For the head gaskets, I don't know if what you're saying about quality applies to the non-recessed gaskets used on the earlier engines. How recently did the quality drop? In 2018 I used a reproduction Payen one in our Mongol Rally car, it didn't fail, and we definitely pushed it harder than most ever will, although compression of that engine was a bit lower - about 8:1.

I was advised by a certain former forum member that the single layer asbestos type ones (made by Coopers?) are the best for a 1300. If you search on evil bay you might be able to find ones cheaply (they look like this, price is way too much - https://www.ebay.co.uk/itm/162791637476). I have several of them in storage, but I'm sticking with the new Payen ones for now, I used a NOS gasket once before and it failed instantly (although that was a different type - Payen copper asbestos steel sandwich).

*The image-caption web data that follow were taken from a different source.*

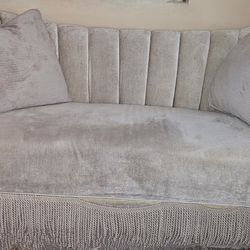 3 Piece Elegant And Luxurious Sofa Set 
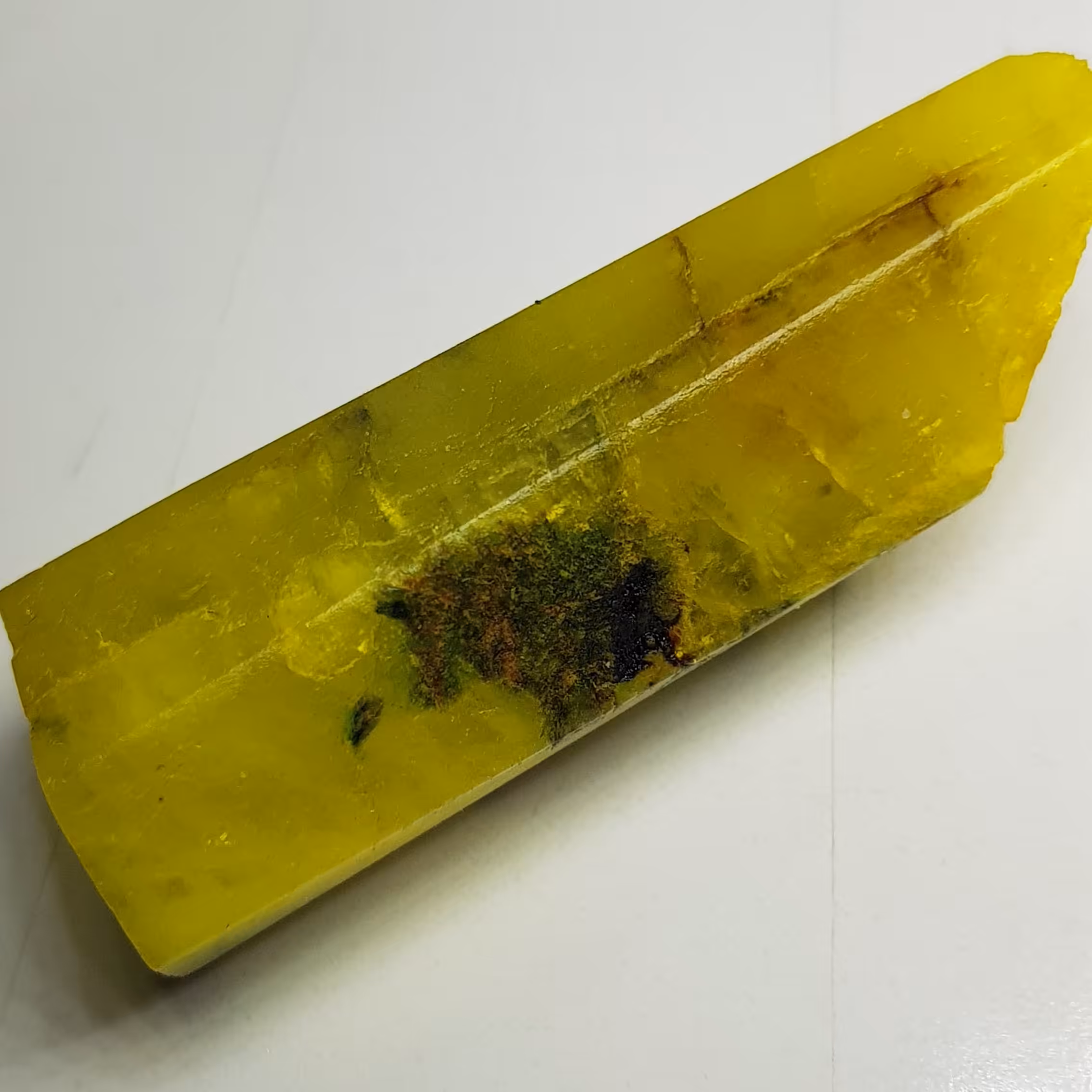 سنگ یاقوت زرد 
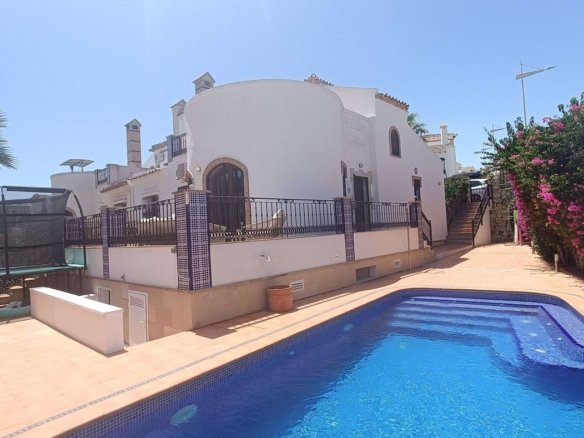 3 Bedroom 2 Bathroom Villa in Algorfa - Caza De Casa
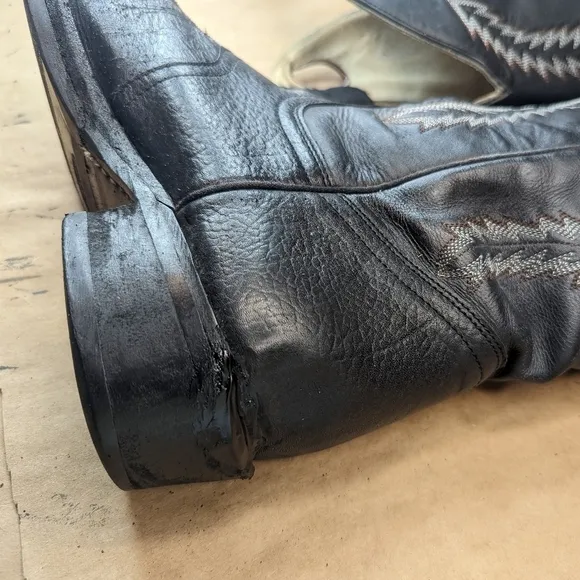 Cowtown Boots men's size 9.5D black Shrunken Bull Shoulder leather classic Weste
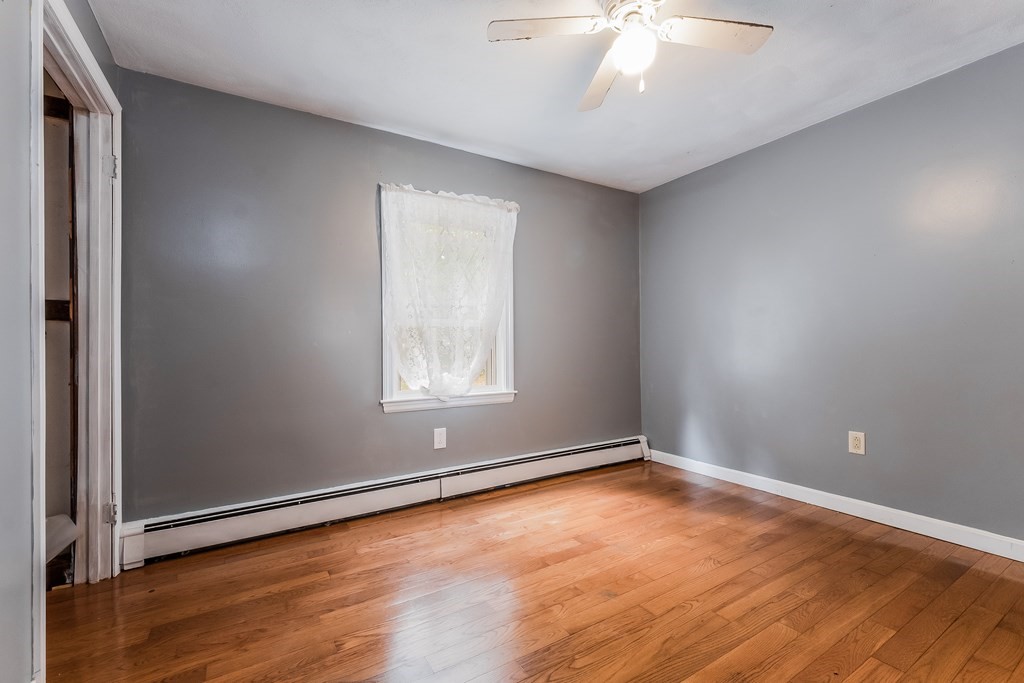 32 Neck Hill Road Mendon, MA 01756 - Photo 7 of 25 Gallery Image 7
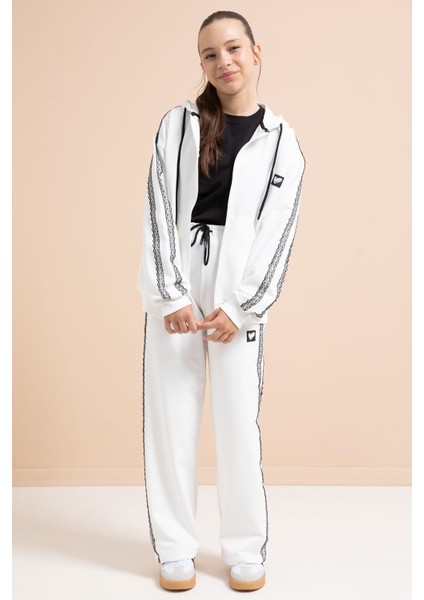 Beyaz Dantel Şeritli Hırkalı Kız Çocuk 2li Eşofman Takımı 21246 fırsatları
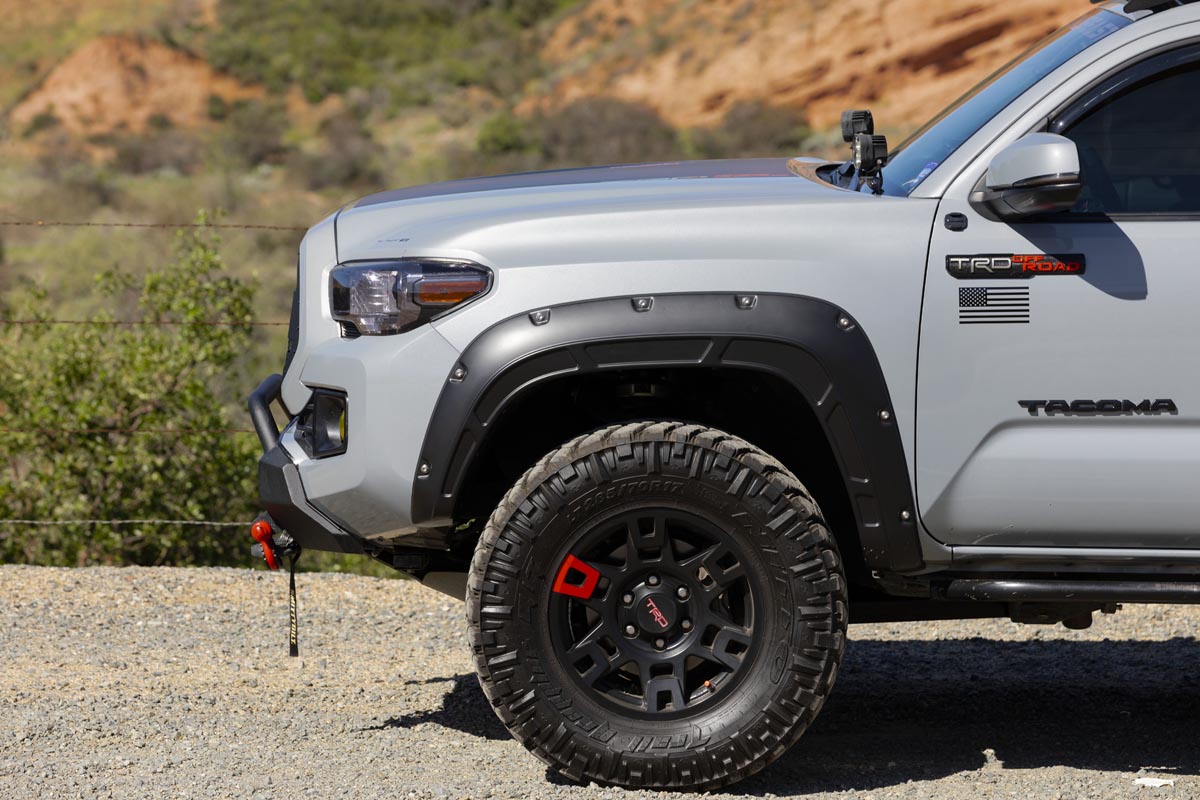 Fender Flares | Defender | 8T0 Blazing Blue | Toyota Tacoma 2WD/4WD (16-23)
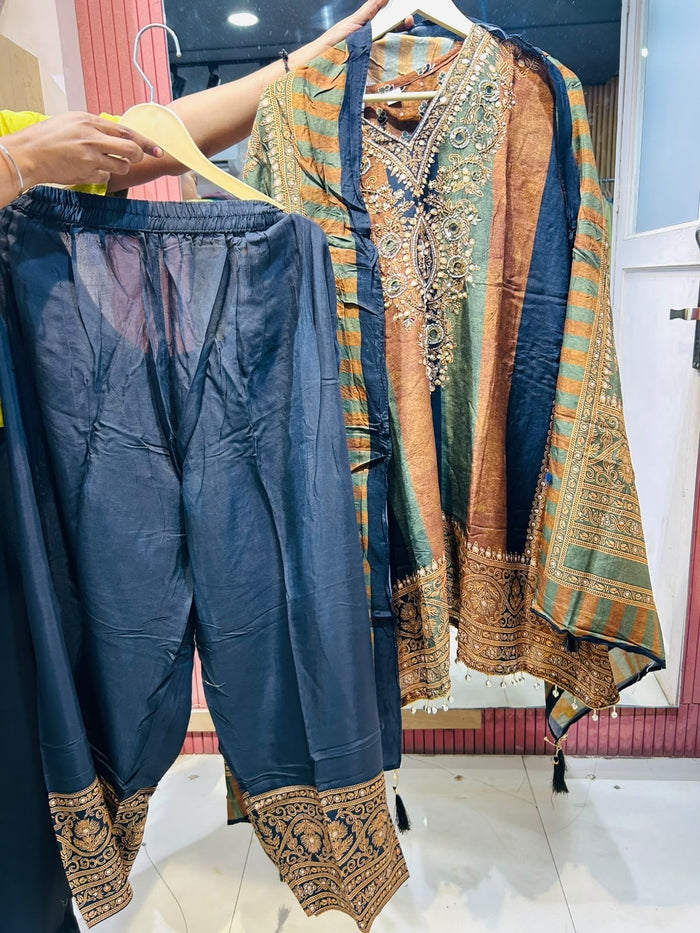 PARTY WEAR SUIT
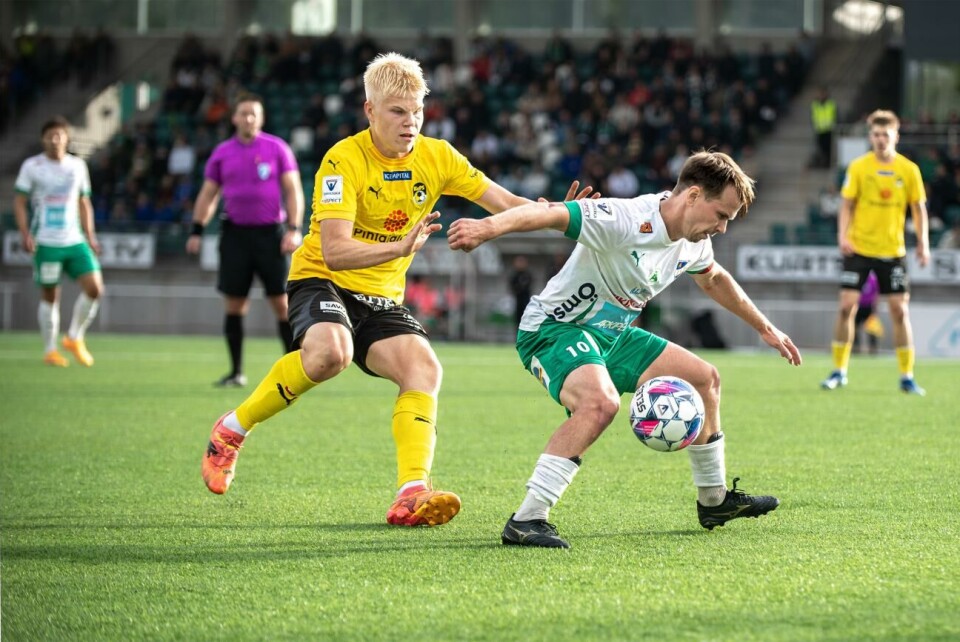 Senast lagen möttes var i cupen. Då vann KuPS med 3–1 på WHA i Mariehamn. På bilden, som är från den matchen, ser vi Matias Ojala med boll.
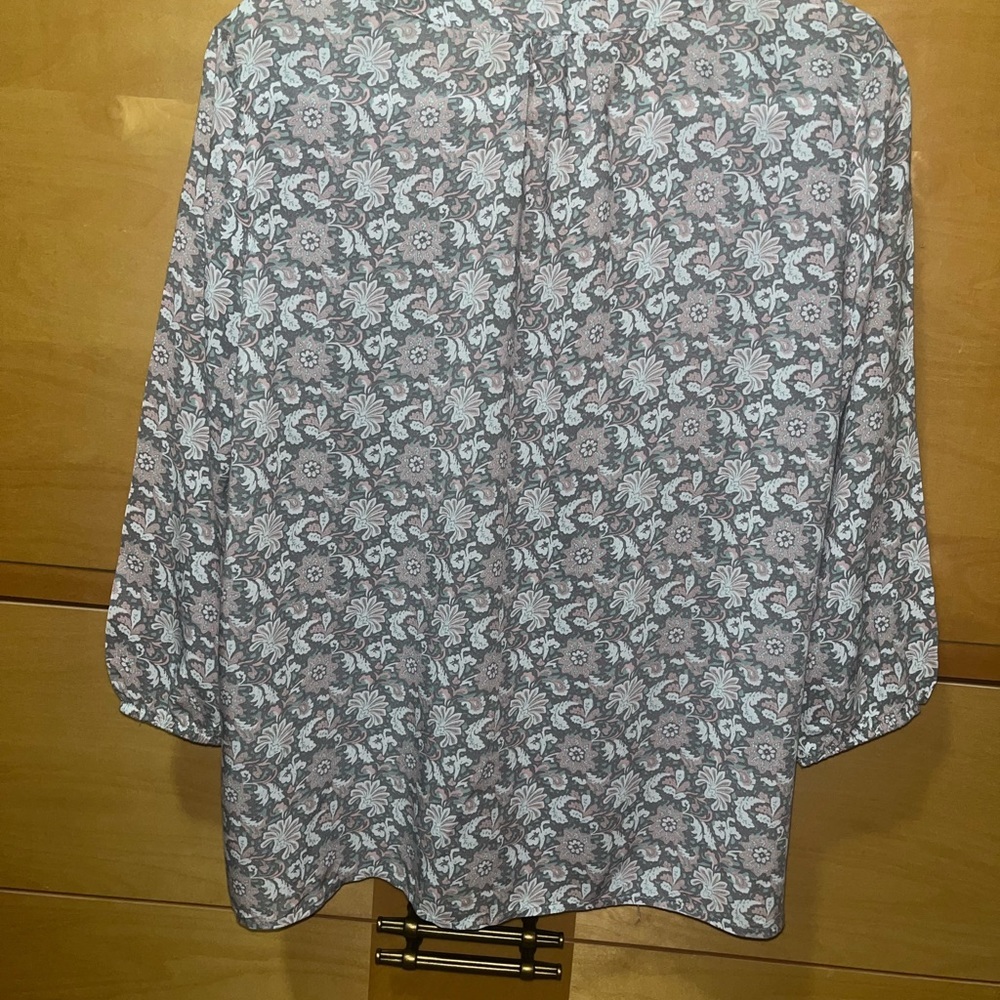 Floral Print V-Neck Blouse - Blue/Pink - Picture 2 of 4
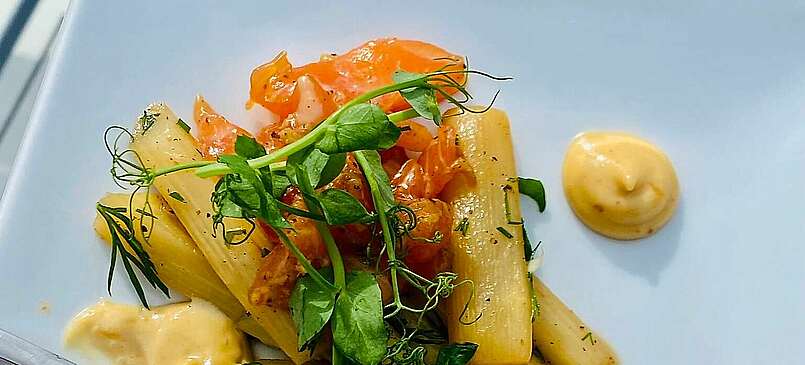 Rezept: Lachstartar mit gebratenem Spargel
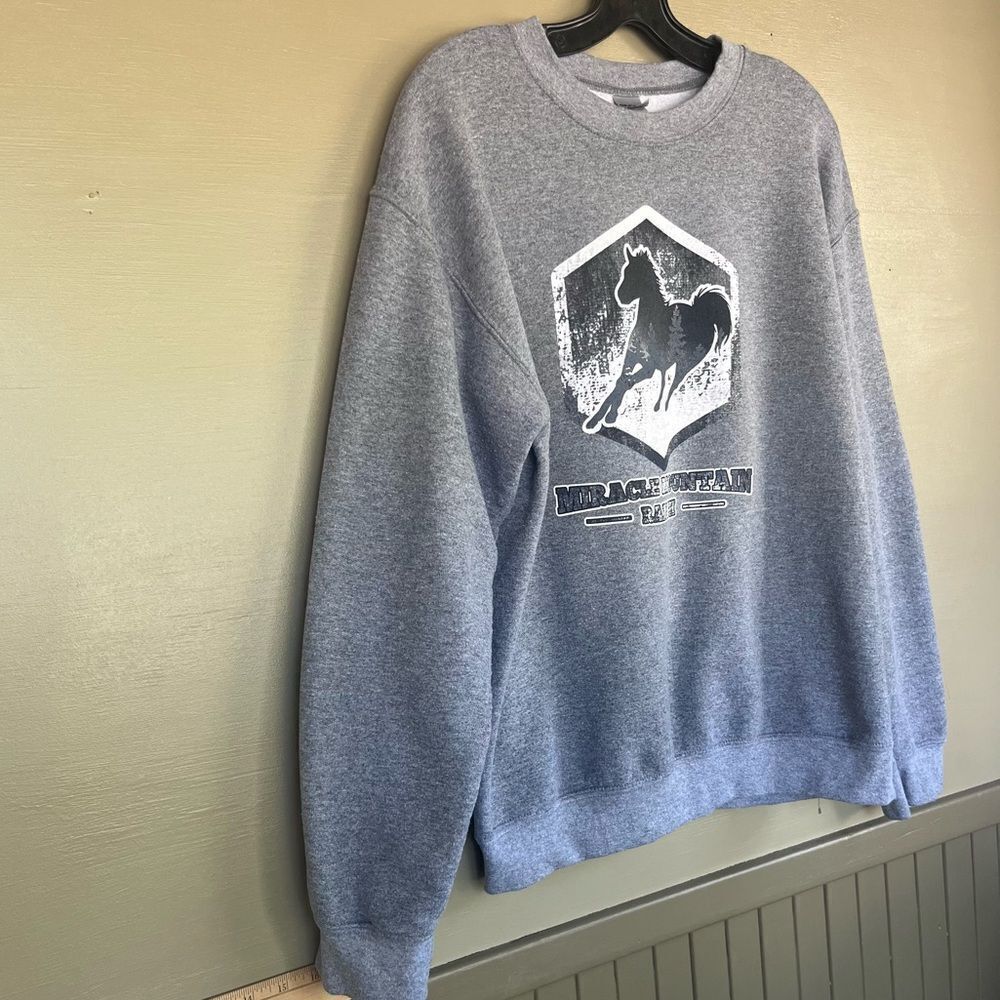 Miracle Mountain Ranch Horse Nature Graphic Crewneck Sweatshirt Gildan - Picture 3 of 9
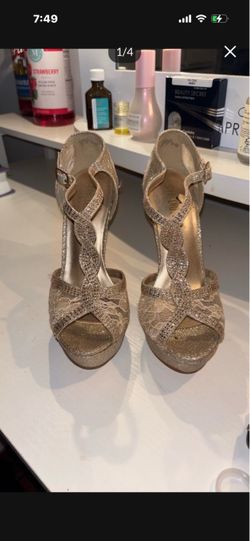 Ladies, high heel shoes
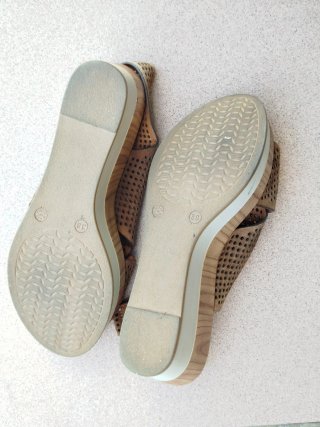 Alpe Woman Sandalias Cuña Piel Cuero Beige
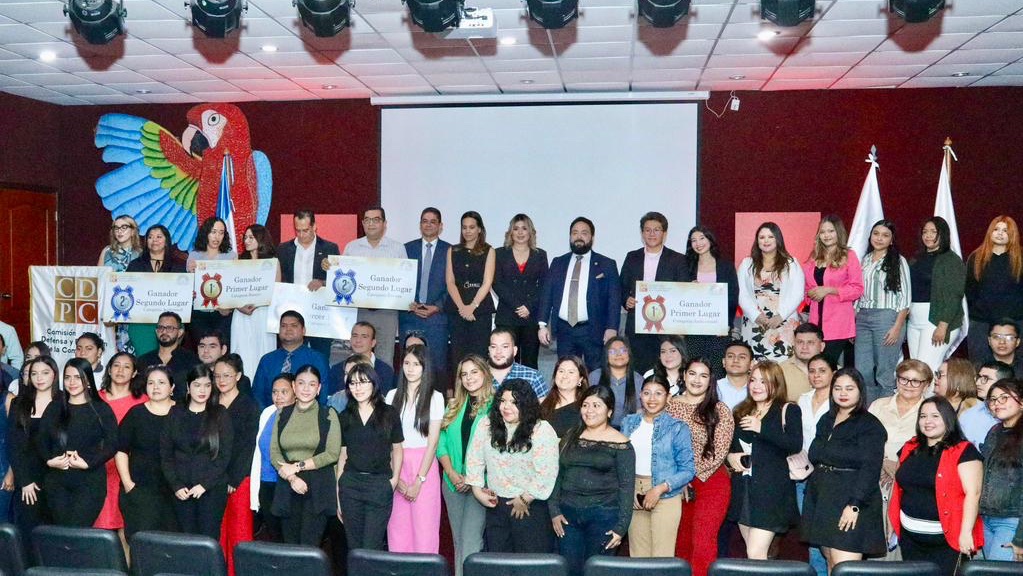 🏛️🇭🇳I 𝐏𝐫𝐞𝐬𝐢𝐝𝐞𝐧𝐭𝐞 𝐝𝐞𝐥 𝐂𝐨𝐧𝐠𝐫𝐞𝐬𝐨 𝐍𝐚𝐜𝐢𝐨𝐧𝐚𝐥 𝐢𝐧𝐚𝐮𝐠𝐮𝐫𝐚 𝐒𝐞𝐠𝐮𝐧𝐝𝐨 𝐂𝐨𝐧𝐠𝐫𝐞𝐬𝐨 𝐈𝐧𝐭𝐞𝐫𝐮𝐧𝐢𝐯𝐞𝐫𝐬𝐢𝐭𝐚𝐫𝐢𝐨 𝐝𝐞 𝐏𝐨𝐥𝐢́𝐭𝐢𝐜𝐚 𝐝𝐞 𝐂𝐨𝐦𝐩𝐞𝐭𝐞𝐧𝐜𝐢𝐚

📍El presidente del Congreso Nacional, <a href="/Lredondo/">LUIS REDONDO 🇭🇳</a>, participó en la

By the way, you're correct, 1500 oil pump is quite a bit bigger, and has a pickup with a strainer, but extra capacity won't help you much if your bearings are shot. I think there's nothing else besides the rocker gear that might be worth swapping. If it ends up that the head is bad, you can fit your 1500 head but it will need a substantial skim (from memory over 60 thou). 1500 has slightly bigger inlet valves too... Don't swap over the water pump, the pulleys are a different size and the 1500 one will spin too fast.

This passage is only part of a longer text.